*Data listing*.
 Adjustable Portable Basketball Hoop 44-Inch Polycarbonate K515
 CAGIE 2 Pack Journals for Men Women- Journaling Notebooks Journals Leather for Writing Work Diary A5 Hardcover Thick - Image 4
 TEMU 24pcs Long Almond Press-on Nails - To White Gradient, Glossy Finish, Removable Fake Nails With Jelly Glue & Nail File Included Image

---

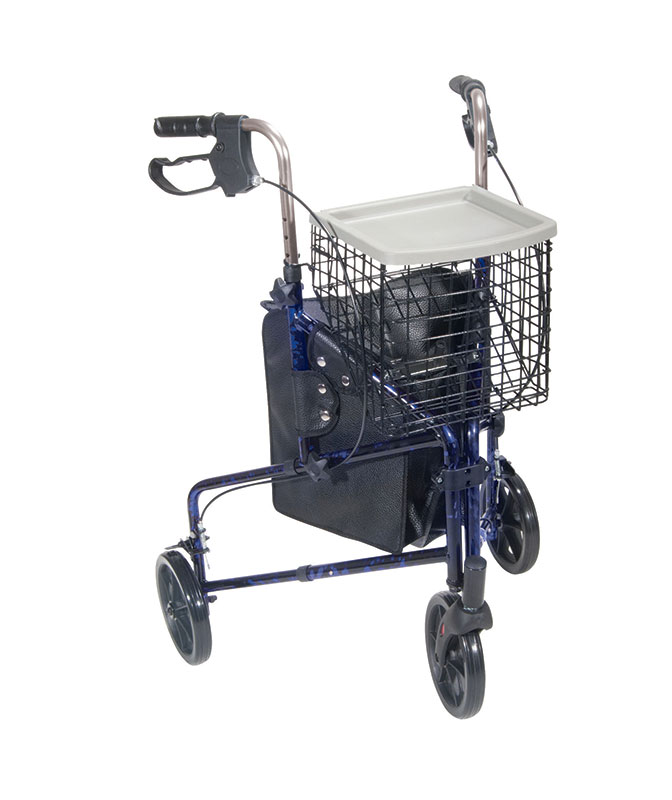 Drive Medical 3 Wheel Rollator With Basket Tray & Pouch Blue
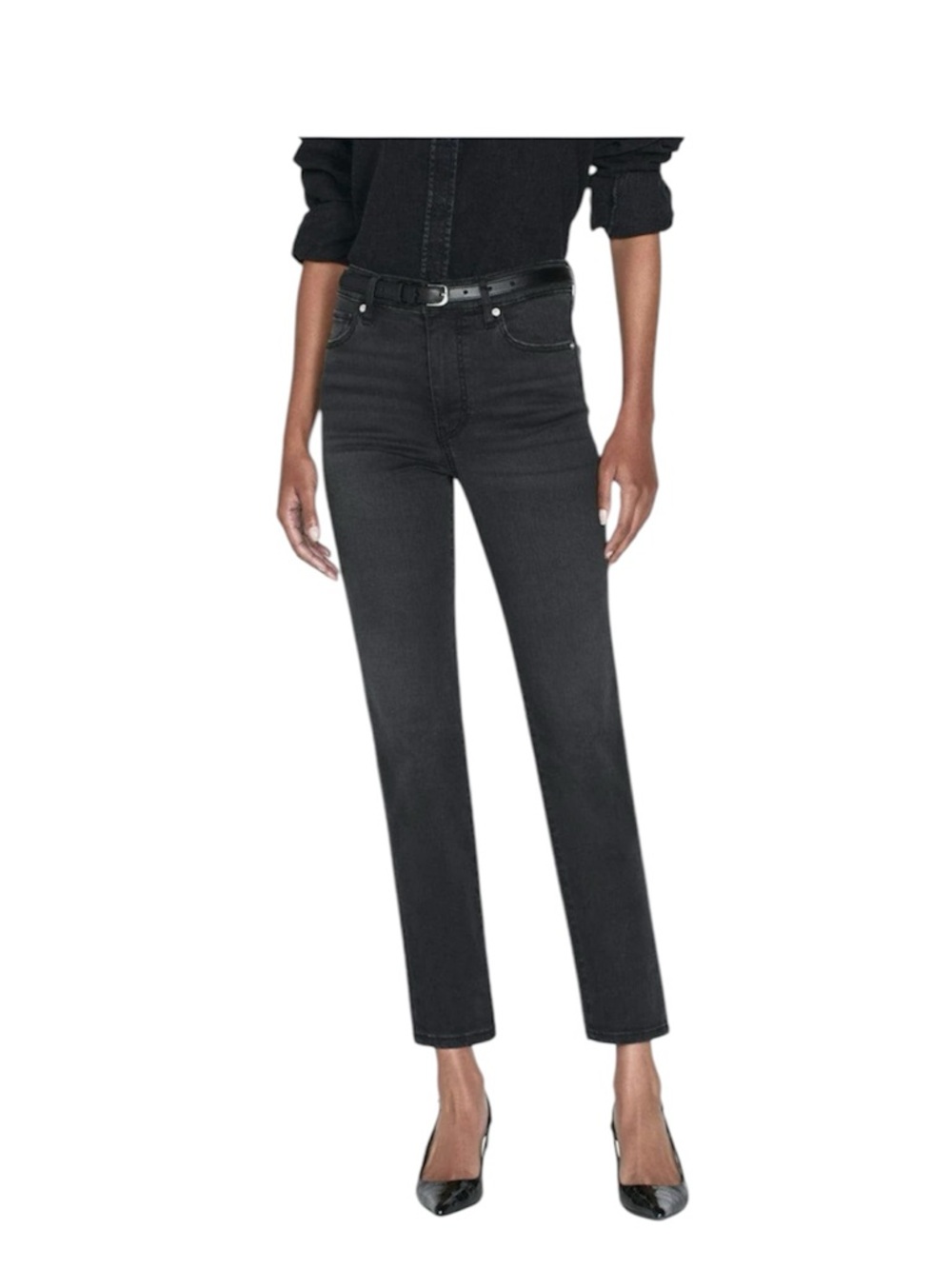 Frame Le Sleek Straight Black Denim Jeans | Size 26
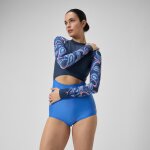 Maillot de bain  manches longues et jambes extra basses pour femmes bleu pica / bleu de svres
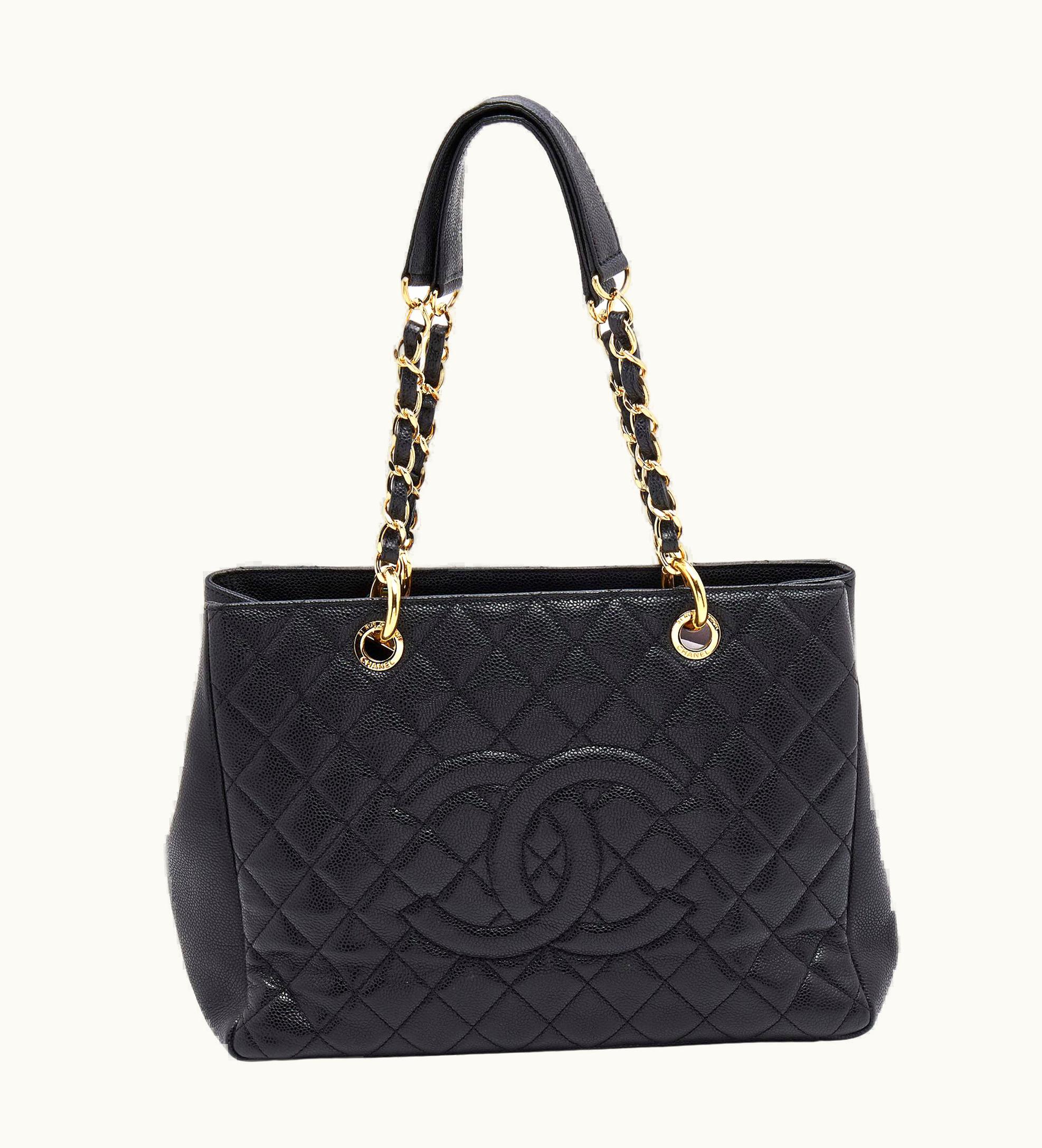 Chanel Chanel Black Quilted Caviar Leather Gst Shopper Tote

...

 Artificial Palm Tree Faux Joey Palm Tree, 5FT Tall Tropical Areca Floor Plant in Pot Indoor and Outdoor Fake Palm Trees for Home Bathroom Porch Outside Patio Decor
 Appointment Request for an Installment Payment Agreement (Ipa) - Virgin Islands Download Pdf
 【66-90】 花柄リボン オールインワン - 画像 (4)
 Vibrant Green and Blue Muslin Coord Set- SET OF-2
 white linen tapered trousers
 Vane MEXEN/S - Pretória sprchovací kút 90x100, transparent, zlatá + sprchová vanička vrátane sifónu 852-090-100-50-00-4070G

*What is required*.
Every line of the listing that includes "Fake" must be shown.

*Result for this exercise*.
 TEMU 24pcs Long Almond Press-on Nails - To White Gradient, Glossy Finish, Removable Fake Nails With Jelly Glue & Nail File Included Image
 Artificial Palm Tree Faux Joey Palm Tree, 5FT Tall Tropical Areca Floor Plant in Pot Indoor and Outdoor Fake Palm Trees for Home Bathroom Porch Outside Patio Decor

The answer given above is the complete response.